Regards croisés sur l’accessibilité des apprentissages en classe.

L’anthropologue Charles Gardou définit l’école inclusive comme la construction d’une « maison commune » au sein de laquelle chaque élève, dans toute sa singularité, a d’ores et déjà sa place. Il invite à travailler de l’intérieur des « plans inclinés de tout ordre », à savoir des aménagements, notamment pédagogiques, ajustés aux besoins de chacun et favorisant les apprentissages de tous.

Comment alors édifier cette maison commune ? Comment  faciliter l’accès aux apprentissages pour tous? L’enseignant de la classe doit-il affronter seul la difficulté de ses élèves à Besoins Éducatifs Particuliers (BEP), ou n’y a-t-il pas là une formidable occasion de croiser les regards entre professionnels et de construire à plusieurs l’espace-classe ?
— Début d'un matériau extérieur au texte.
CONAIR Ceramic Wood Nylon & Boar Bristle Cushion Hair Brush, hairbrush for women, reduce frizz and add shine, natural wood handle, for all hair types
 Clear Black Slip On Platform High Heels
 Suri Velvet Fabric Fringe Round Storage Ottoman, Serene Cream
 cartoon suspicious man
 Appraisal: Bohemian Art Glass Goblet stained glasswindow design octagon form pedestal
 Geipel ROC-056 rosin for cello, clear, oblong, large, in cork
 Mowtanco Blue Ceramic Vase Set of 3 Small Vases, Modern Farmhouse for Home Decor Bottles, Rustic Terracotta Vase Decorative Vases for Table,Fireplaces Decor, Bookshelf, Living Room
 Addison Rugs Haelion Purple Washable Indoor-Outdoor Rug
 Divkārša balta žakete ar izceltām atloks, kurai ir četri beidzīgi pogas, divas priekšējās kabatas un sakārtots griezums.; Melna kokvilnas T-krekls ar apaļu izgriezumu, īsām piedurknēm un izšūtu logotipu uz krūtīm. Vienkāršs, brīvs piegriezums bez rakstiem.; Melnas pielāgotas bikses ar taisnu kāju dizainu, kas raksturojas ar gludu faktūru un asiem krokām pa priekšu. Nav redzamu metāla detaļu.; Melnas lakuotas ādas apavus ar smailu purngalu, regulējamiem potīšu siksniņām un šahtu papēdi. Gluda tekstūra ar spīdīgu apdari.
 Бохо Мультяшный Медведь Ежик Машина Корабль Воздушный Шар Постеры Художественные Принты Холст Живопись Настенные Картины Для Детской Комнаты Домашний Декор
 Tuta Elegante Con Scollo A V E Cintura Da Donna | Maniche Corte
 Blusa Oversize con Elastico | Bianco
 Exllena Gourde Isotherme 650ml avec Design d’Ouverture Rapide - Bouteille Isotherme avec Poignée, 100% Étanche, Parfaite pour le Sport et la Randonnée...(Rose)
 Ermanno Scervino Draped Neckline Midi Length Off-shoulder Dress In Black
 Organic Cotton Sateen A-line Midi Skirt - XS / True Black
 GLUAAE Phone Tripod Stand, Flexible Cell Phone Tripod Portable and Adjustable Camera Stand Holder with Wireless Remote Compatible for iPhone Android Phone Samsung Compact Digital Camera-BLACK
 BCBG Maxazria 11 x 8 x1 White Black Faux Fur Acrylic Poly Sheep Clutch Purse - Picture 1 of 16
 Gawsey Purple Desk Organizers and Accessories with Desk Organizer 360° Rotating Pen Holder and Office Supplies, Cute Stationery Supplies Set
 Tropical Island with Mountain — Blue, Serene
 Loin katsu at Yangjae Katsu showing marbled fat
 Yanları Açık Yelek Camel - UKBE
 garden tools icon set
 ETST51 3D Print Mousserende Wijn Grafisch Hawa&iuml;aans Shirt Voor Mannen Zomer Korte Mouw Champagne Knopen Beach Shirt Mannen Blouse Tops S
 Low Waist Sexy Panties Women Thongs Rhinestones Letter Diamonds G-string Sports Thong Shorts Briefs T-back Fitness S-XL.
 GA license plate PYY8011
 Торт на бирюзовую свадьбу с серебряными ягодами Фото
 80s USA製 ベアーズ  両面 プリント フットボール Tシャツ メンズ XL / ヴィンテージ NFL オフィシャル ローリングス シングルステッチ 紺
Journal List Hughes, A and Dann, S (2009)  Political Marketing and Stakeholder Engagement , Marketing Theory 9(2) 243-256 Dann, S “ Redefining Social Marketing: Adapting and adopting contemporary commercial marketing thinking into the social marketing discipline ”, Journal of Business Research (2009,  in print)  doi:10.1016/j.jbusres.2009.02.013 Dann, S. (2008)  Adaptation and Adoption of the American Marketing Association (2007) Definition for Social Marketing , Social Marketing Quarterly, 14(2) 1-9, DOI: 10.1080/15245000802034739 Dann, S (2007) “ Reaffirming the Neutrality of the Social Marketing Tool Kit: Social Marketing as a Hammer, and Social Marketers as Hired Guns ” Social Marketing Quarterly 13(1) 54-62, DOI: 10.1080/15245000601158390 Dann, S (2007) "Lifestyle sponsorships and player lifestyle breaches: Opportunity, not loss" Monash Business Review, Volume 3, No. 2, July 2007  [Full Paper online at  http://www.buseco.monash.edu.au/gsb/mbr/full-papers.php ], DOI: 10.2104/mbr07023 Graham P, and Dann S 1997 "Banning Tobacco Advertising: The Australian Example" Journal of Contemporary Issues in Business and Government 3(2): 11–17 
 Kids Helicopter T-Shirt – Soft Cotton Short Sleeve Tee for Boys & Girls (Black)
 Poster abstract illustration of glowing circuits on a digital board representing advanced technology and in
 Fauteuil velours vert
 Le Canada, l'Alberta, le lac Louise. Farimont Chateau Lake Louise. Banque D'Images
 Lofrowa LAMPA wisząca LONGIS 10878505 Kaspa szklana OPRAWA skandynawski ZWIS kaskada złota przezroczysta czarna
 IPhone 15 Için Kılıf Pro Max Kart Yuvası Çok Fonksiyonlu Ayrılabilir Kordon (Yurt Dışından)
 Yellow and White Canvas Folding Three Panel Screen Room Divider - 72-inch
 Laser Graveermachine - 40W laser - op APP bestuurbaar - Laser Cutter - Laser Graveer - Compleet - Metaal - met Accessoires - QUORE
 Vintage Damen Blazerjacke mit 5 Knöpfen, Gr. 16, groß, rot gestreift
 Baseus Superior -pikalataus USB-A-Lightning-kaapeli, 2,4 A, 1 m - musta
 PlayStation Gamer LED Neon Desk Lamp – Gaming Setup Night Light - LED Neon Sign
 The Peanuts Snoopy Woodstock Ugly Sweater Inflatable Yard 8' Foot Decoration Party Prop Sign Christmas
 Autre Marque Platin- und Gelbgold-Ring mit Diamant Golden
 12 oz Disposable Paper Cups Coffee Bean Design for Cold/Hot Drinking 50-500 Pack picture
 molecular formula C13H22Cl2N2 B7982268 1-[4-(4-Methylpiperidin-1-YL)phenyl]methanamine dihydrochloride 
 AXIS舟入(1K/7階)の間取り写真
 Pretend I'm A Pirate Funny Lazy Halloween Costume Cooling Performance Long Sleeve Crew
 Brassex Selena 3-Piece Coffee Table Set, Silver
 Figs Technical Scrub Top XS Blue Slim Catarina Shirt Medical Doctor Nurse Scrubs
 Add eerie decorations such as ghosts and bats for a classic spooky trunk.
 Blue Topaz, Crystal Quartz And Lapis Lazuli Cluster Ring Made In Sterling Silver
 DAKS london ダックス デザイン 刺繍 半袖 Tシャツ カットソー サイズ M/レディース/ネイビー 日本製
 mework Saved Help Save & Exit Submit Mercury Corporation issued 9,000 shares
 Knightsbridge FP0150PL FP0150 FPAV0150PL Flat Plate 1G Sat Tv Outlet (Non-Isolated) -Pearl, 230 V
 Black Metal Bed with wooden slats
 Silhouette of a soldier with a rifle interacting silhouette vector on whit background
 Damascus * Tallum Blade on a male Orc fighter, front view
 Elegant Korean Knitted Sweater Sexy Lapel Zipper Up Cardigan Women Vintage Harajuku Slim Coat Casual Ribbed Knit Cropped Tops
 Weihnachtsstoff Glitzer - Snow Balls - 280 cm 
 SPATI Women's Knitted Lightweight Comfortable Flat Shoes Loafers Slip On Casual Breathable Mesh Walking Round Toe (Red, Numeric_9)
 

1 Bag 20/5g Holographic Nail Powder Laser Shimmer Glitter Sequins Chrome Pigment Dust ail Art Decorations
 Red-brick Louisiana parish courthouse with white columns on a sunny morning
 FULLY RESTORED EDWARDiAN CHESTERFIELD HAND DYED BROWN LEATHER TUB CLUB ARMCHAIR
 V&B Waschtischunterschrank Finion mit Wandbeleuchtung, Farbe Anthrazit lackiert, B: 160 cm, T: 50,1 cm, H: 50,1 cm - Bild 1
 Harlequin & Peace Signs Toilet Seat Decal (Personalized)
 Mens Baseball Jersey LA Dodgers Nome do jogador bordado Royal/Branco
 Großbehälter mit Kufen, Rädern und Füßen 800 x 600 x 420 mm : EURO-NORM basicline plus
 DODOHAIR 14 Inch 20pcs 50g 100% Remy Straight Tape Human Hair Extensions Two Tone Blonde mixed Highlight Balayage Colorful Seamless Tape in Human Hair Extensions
Dans cette maison commune qu’est l’école, l’enfant est membre d’une classe, soit d’un groupe de pairs ayant généralement le même âge que lui et engagés dans la même maîtrise des éléments d’un socle lui aussi commun. Défendre l’idée d’une maison pour tous, c’est aussi faire la promotion d’une logique d’accessibilité des apprentissages (des situations pédagogiques, des supports….) au sein même de cette classe, permettant la réussite de chacun, notamment des élèves à besoins éducatifs particuliers.

Or, si les enseignants responsables des élèves suivis par le RASED ont vocation à penser et construire cette logique d’accessibilité, les enseignants spécialisés à dominante pédagogique en sont également les promoteurs et les co-constructeurs. Par leur regard, leur expertise, leur accompagnement des élèves en difficulté, ils concourent, avec l’enseignant de la classe, à la réflexion concertée sur les pratiques de classe. C’est ce que défendent Laurent Lescouarch et Serge Thomazet*, tous deux membres du Conseil Scientifique de la Fédération Nationale des Maîtres E (FNAME). Pour les deux chercheurs, certaines pratiques de classe accroissent parfois les difficultés des élèves, particulièrement de ceux qui en souffrent déjà. A contrario, ce regard croisé permet l’élaboration de méthodes pédagogiques et la construction de stratégies permettant de dépasser les difficultés éprouvées face à certaines activités en les rendant à la fois plus accessibles et donc profitables à tous, particulièrement aux plus fragiles. Les variables contextuelles sont particulièrement explicatives dans les travaux portant sur les inégalités de réussite à l’école.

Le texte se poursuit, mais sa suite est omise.